GPT says the following. Until we get an answer this seems logical.
There are actually variants in the pseudoautosomal regions (PARs) of the human genome, but they’re relatively fewer and behave differently than variants in other parts of the genome. Here's why that might seem like there are "no variants":
1. High Sequence Identity Between X and Y
PAR regions are identical (or nearly identical) between the X and Y chromosomes. This makes it technically difficult to map sequencing reads accurately to the right chromosome in these regions, especially with short-read sequencing. As a result, many variants may be missed or misassigned.
2. Recombination Keeps Them Homogenized
PAR regions are subject to regular recombination during male meiosis—just like autosomes. This keeps the sequences in these regions more homogenized between the X and Y chromosomes, which reduces the accumulation of unique variants over time.

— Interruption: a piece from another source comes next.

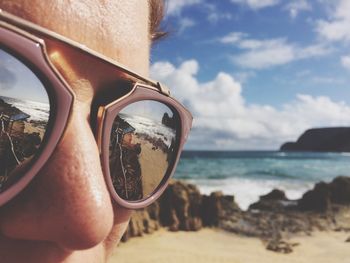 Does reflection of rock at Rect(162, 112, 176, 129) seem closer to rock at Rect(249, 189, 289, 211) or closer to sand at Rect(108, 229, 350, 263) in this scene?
sand at Rect(108, 229, 350, 263)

3. Strong Purifying Selection
Because PAR genes are often dosage-sensitive (they're expressed from both sex chromosomes, unlike other X-linked genes that undergo X-inactivation), deleterious variants are more strongly selected against, reducing variation.

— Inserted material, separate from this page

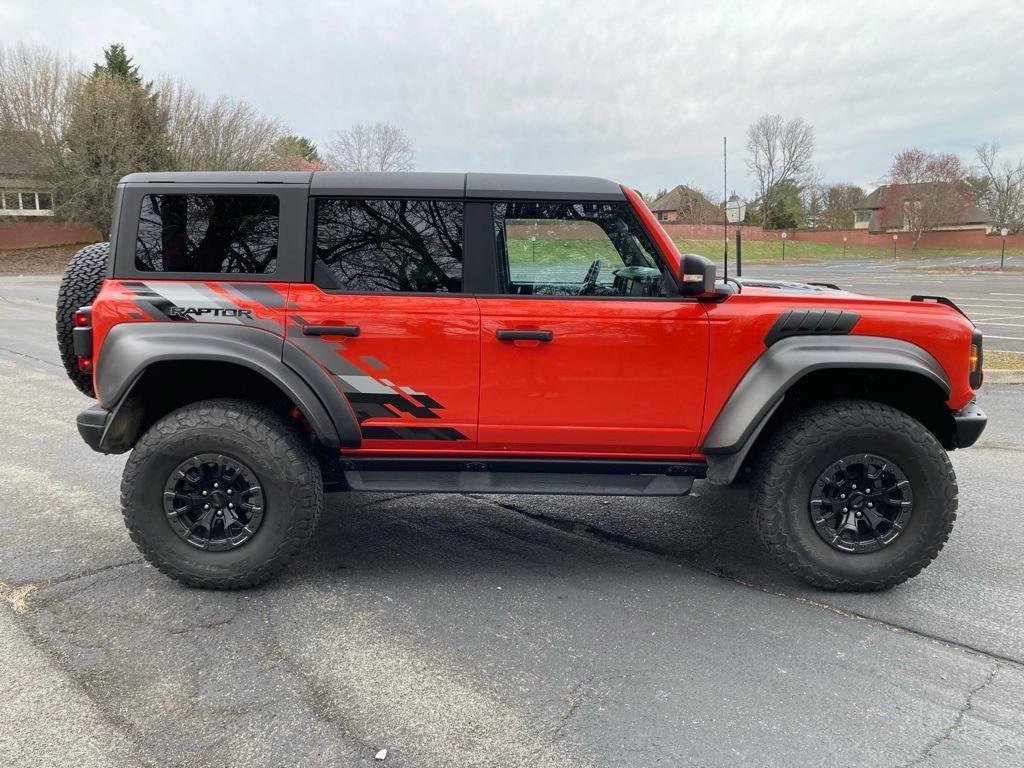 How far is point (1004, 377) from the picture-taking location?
8.27m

4. Reference Bias and Database Gaps
Some variant databases and genome builds underrepresent or underreport variants in PARs because:
- They exclude Y-PAR variants.
- They collapse PAR sequences into a single representation.
- Or they filter them out due to uncertainty in read mapping.
Ah, somehow your answer is right, in the reference the PAR on chrY is masked:
GenoMax yeah, I asked GPT too but I don't think it's right (?). The reads are mapped using bwa so even if the regions are similar between X and Y, there should be 50% in X and 50% in Y (?) so some variants should be found in X and Y.
On my side, I mapped some reads using BWA+GATK-HC, and there is no variant in the PAR of Y without any special processing.
Will delete then. See if you get any good answers directly. Most of the papers that GPT used as source appear to be older (~ mid-2000s).